Step One: Validate the news. Make sure you're hearing this from a reputable source. Do an in-depth google search.
Step Two: Cry. Lots of crying. You've just been dealt the low blow of finding out the beautiful, adorable, sex God Chris Pine is off the market. It's okay to cry. Let it all out. This is your time to purge your emotions.
Step Three: Consume as much alcohol as you can. This step is vital to the next three steps.
Step Four: Send dozens of snapchats to all your friends of pictures of Chris Pine with his new girlfriend with notes like "my life is over" or "WHY GOD WHY?"

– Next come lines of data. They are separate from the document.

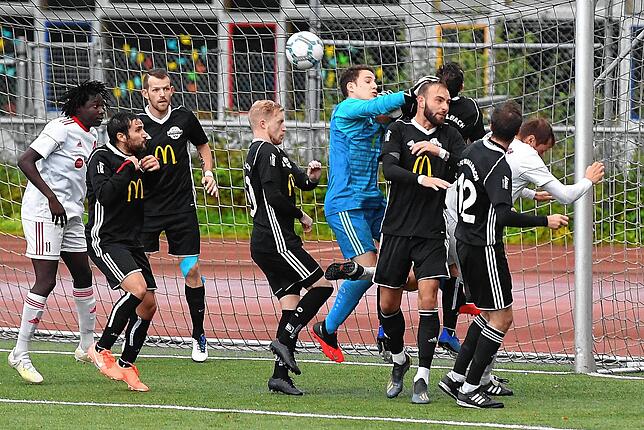 Bild 31: FC Schönau gelingt gegen den FC Wallbach der zweite Saisonsieg &ndash; hier gibt&lsquo;s Bilder!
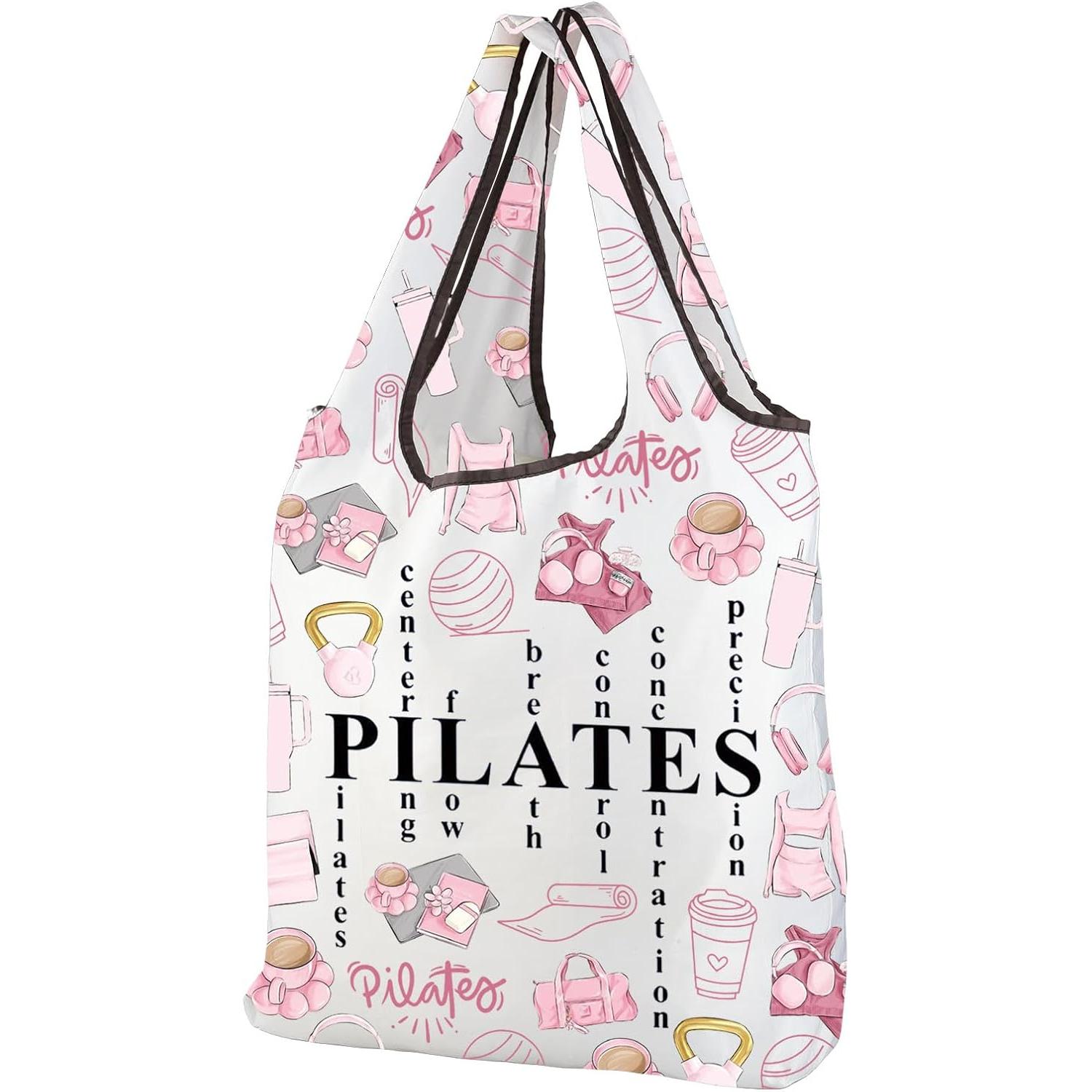 Pilates Yoga Instructor - Bolsa de Pilates Rosa, Regalos para
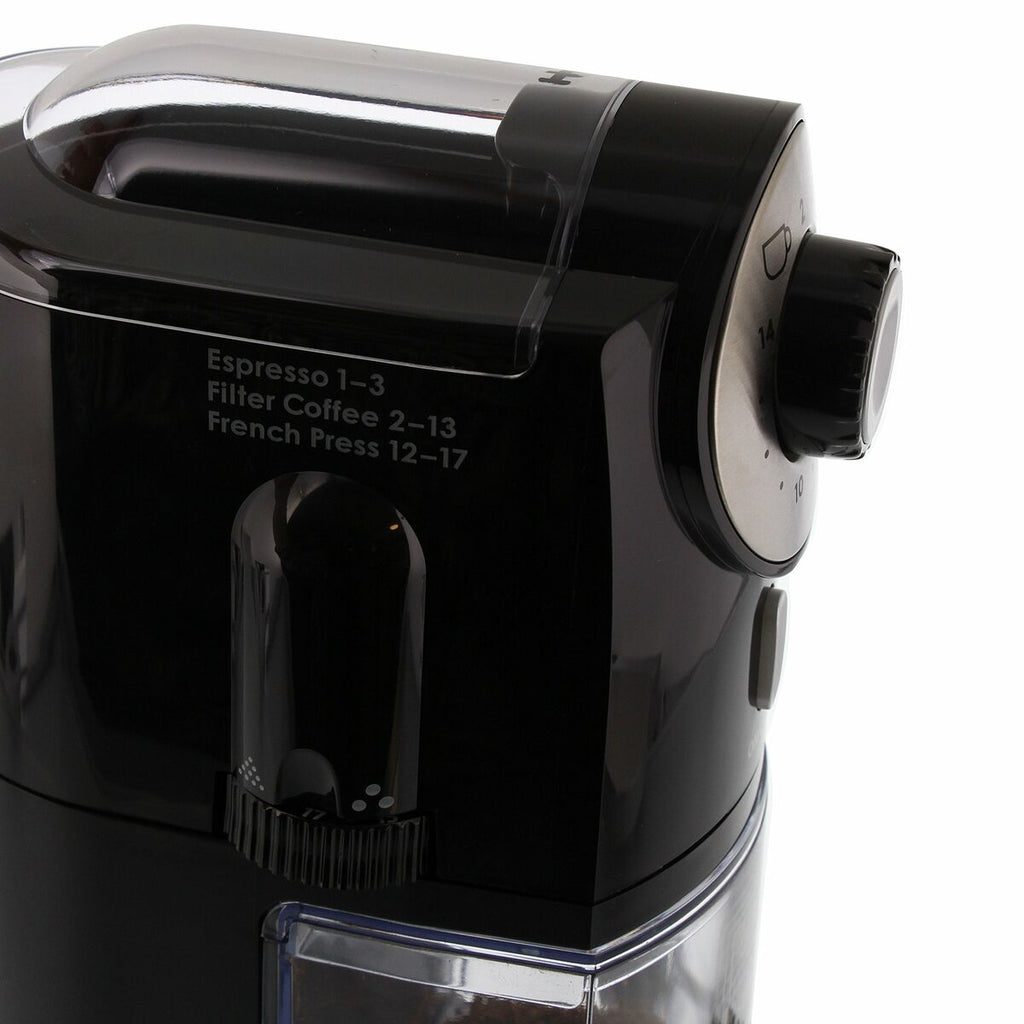 Coffee Grinder Melitta 1019-02 Black noir 200 g 100 W 1000 W-2
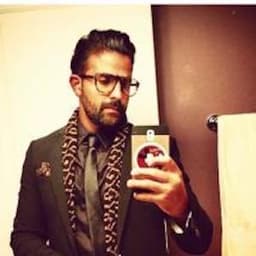 The Mayer Salon logo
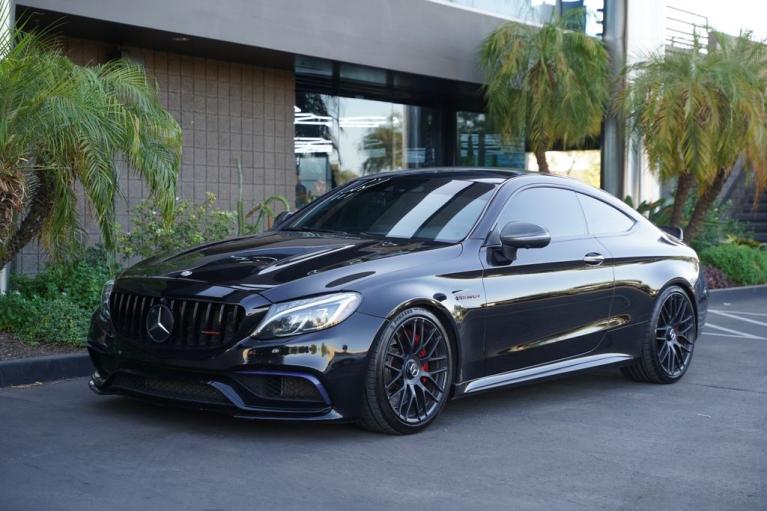 2017 Mercedes-Benz C-Class
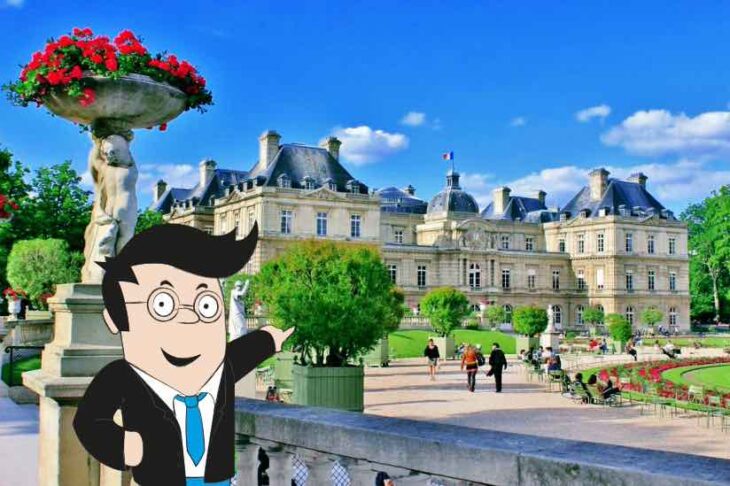 Le jardin du Luxembourg >> Jeux, guignol, anniversaire, visite ludique
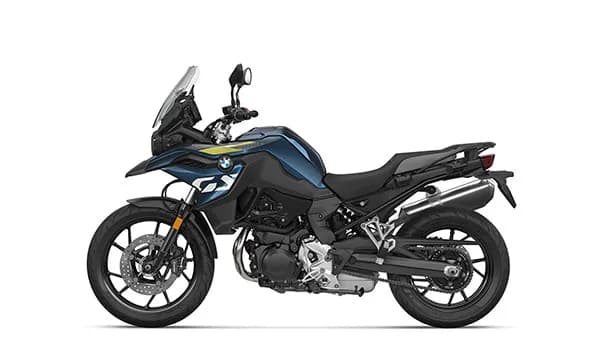 بیامو F 800 GS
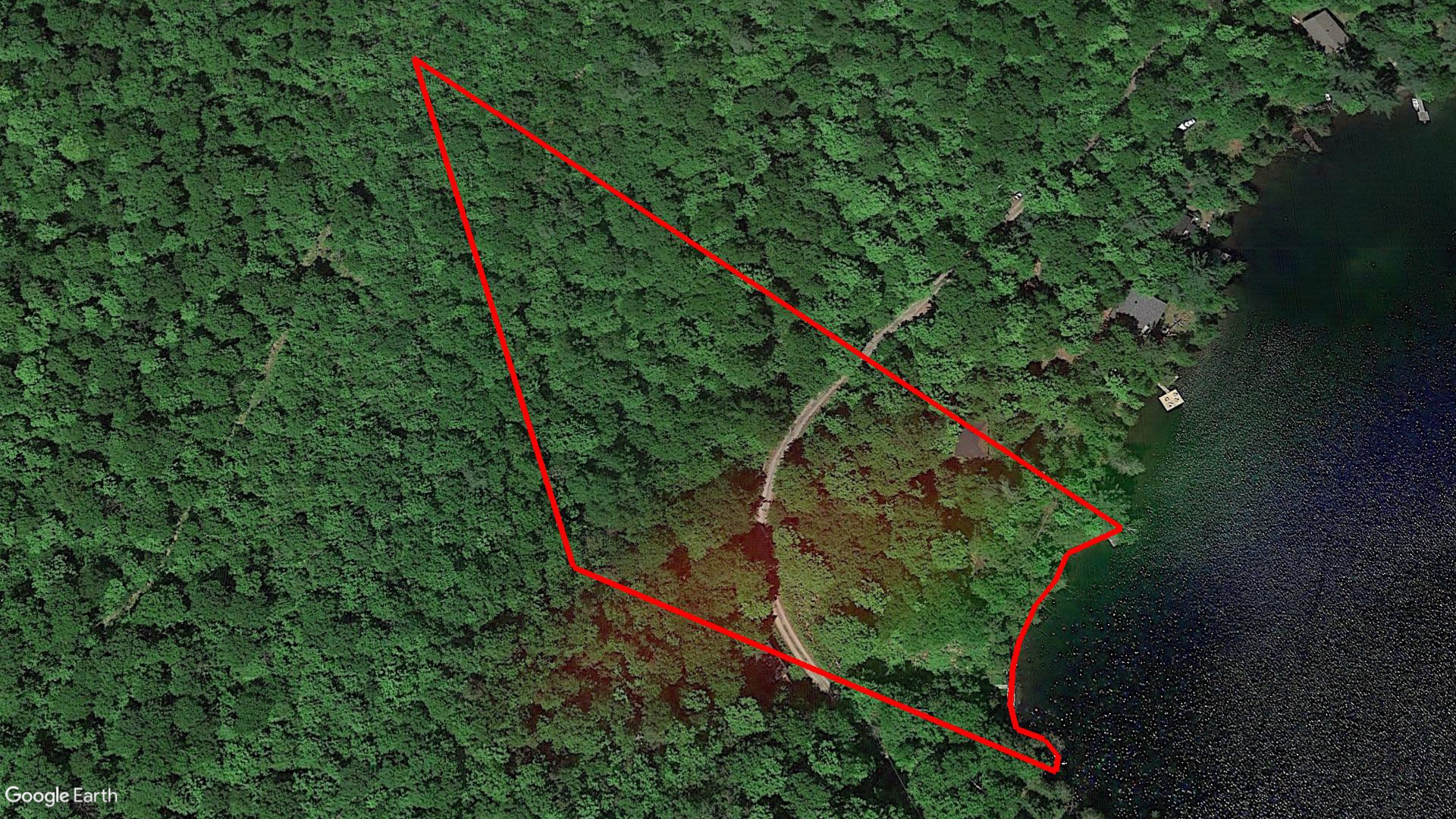 Tax Sale  Des-Collines-De-L'outaouais, Quebec - 7756-89-0893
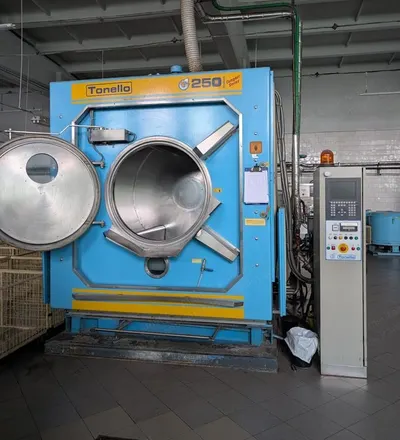 Tonello, G1 250 HS, Washing and Dyeing Machine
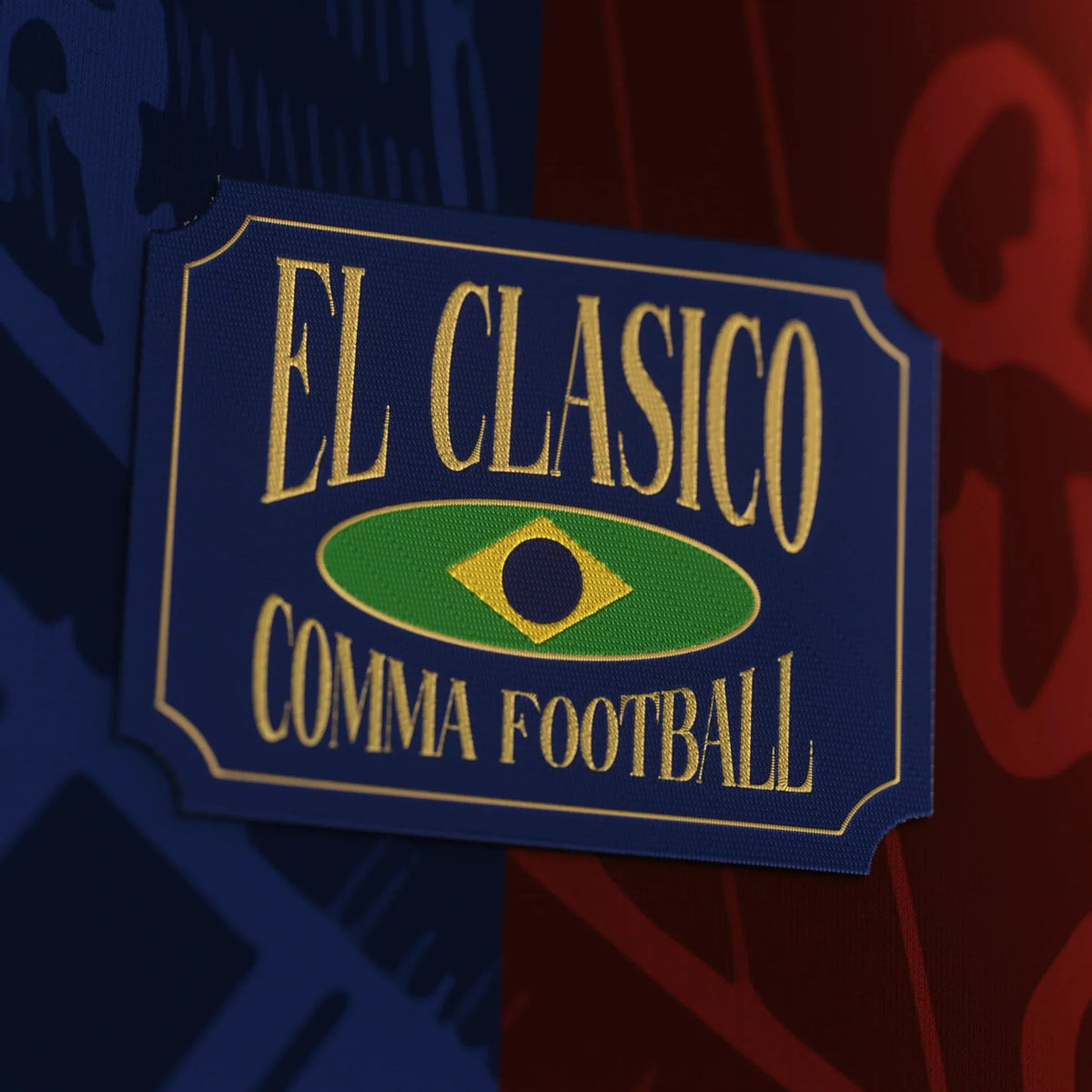 Camisa Barcelona Edição "The Prince 11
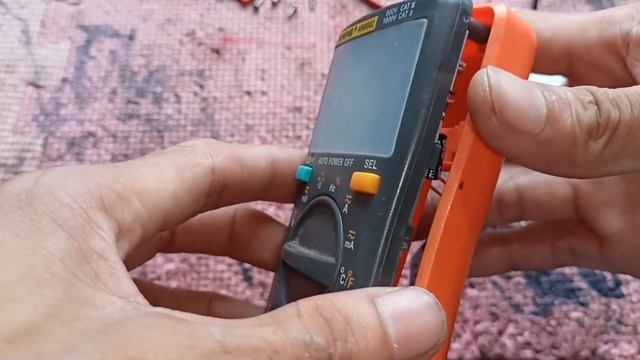 ANENG AN8002 Digital Tester/rechargeable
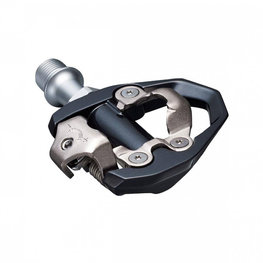SHIMANO pedál - PEDALS ES600 - fekete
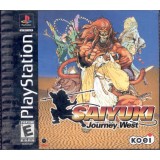 SAIYUKI journey west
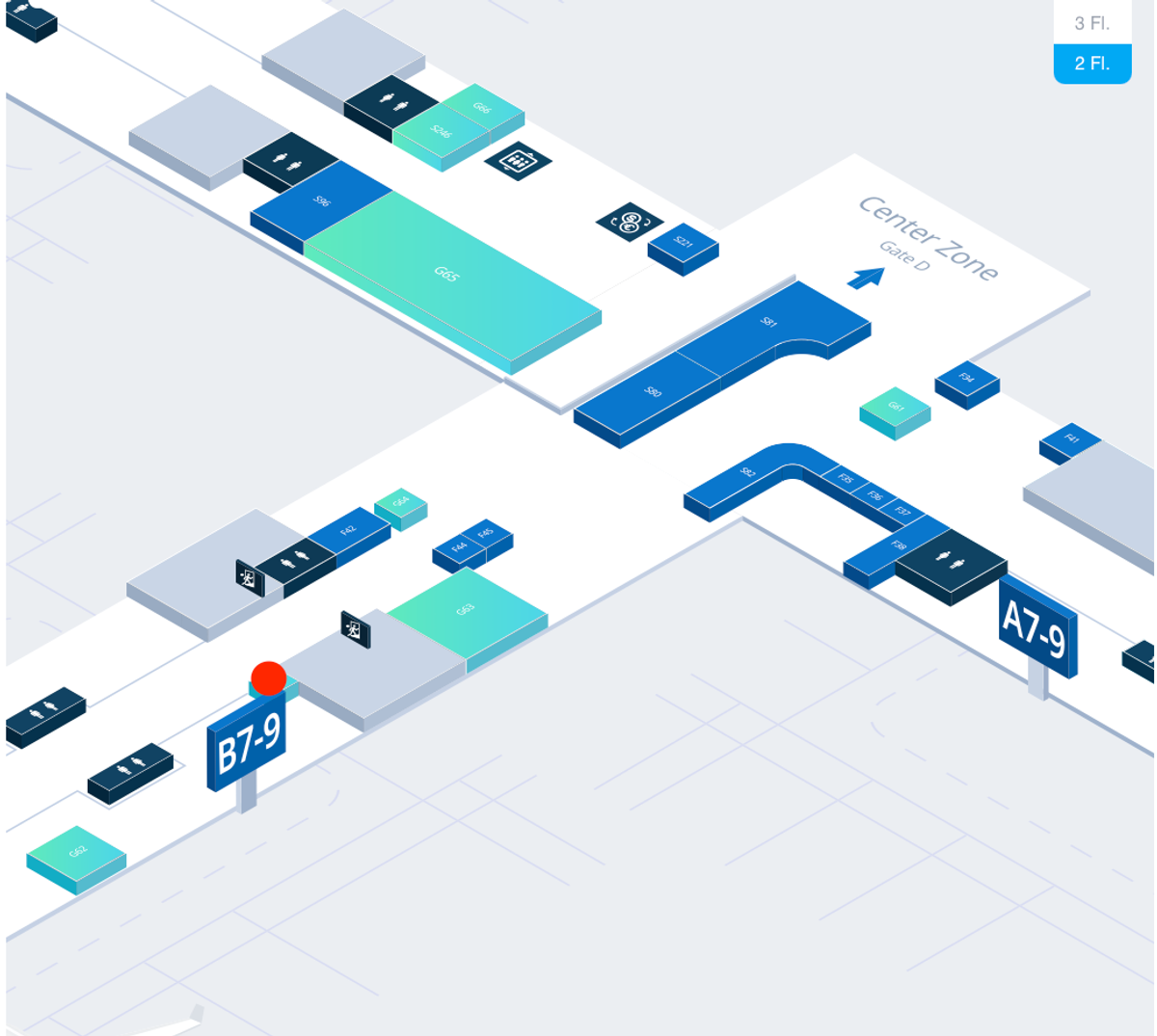 Child care room near G62 - Image 1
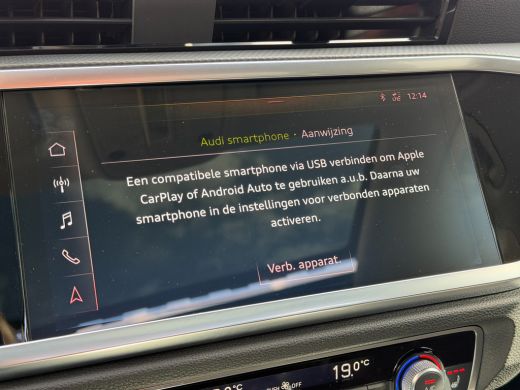 Audi Q3 35 TFSI S Line Pro Line S Pano-Carplay-LED-Trekhaak-19"-Camera ActivLease financial lease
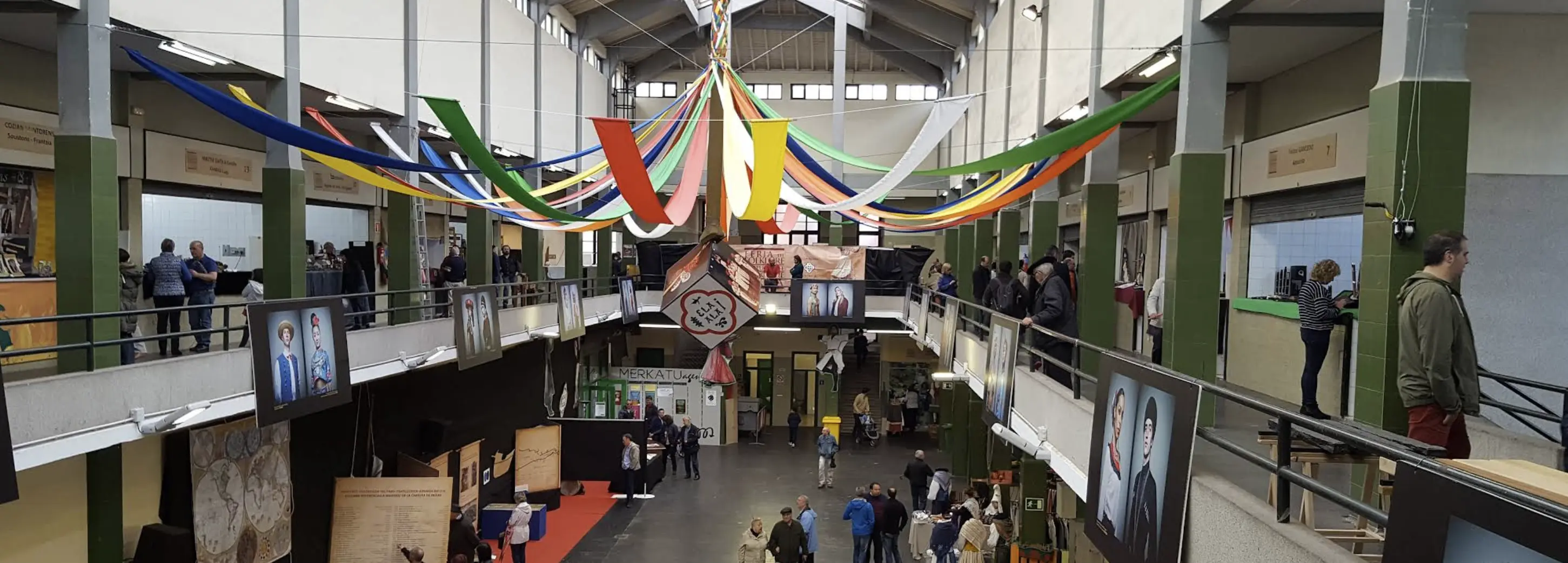 Portugalete Municipal Market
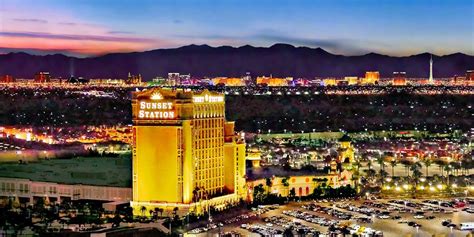 Sunset Station Hotel & Casino | Travelzoo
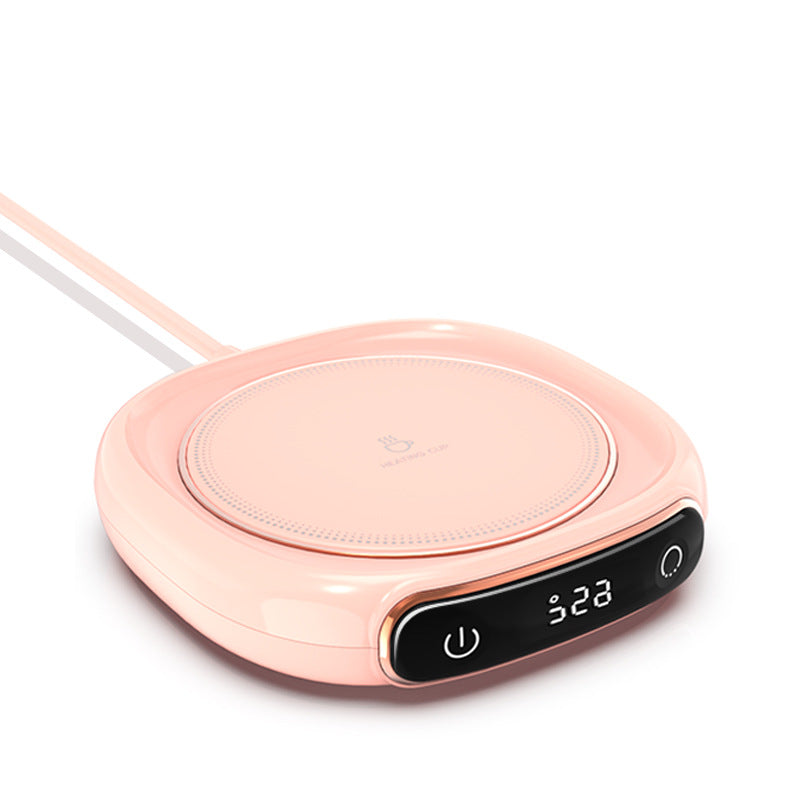 MugMate USB Drikkvarmer – Alltid varm kaffe eller te | Skanto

Step Five: Listen to "Bitter Rivals" by Sleigh Bells (or any other song with an appropriate level of anger in it) at least 20 times in a row while you google Chris Pine's new girlfriend and come up with a list of reasons why he shouldn't date her.
Step Six: Print out all the pictures you have saved to your computer of Chris Pine. Go to your backyard or any available space and build a fire. Burn all the pictures. This is part of the healing process, it will help you move on.
Step Seven: Wear black for a week. This will make you feel infinitely sexier than any beauty pageant winning foreigner Chris Pine could ever date and will complete the mourning process for the children you will never have with him.
Step Eight: Start pretending you have no idea who Chris Pine is. When brought up in conversation say, "Is that the guy from National Treasure?"
Step Nine: Go on to IMDB and give every film Chris Pine has ever been in a 1 Star rating. You're not getting mad, just even.
Step Ten: Find a new celebrity crush to cyber stalk and make babies with in your dreams. Though it'll never be quite the same as Chris, your heart will go on.